[RECORDS FOR THE TASK Boundary: Start]
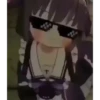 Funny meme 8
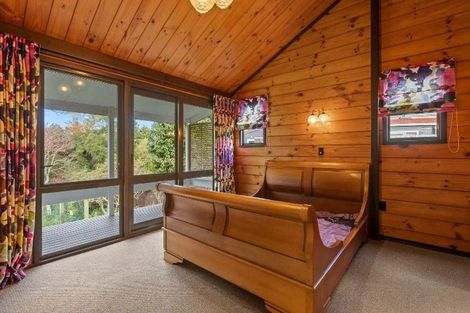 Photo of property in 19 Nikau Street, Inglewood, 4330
[RECORDS FOR THE TASK Boundary: End]
[RECORDS FOR THE TASK Boundary: Start]
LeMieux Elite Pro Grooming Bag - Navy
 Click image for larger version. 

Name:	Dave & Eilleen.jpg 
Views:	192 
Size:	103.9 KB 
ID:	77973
[RECORDS FOR THE TASK Boundary: End]
[RECORDS FOR THE TASK Boundary: Start]
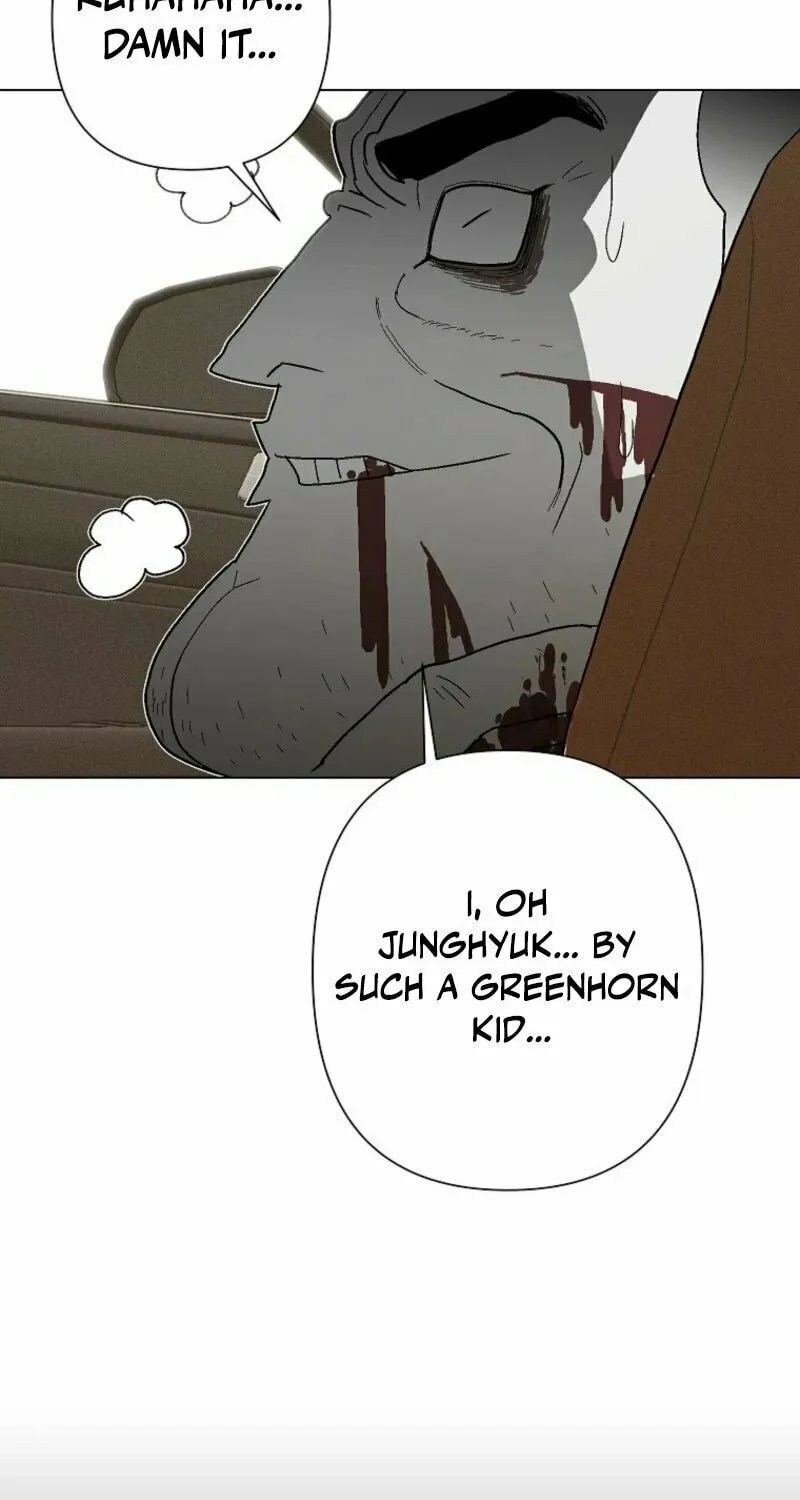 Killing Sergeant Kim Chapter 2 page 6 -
[RECORDS FOR THE TASK Boundary: End]
*EXERCISE INSTRUCTIONS:* Look above for the line with "Funny meme 8" and the line with "Photo of property", then restate exactly those two lines and all lines between them, with no pictures.

*ANSWER TO THE PROBLEM:*
 Funny meme 8
 Photo of property in 19 Nikau Street, Inglewood, 4330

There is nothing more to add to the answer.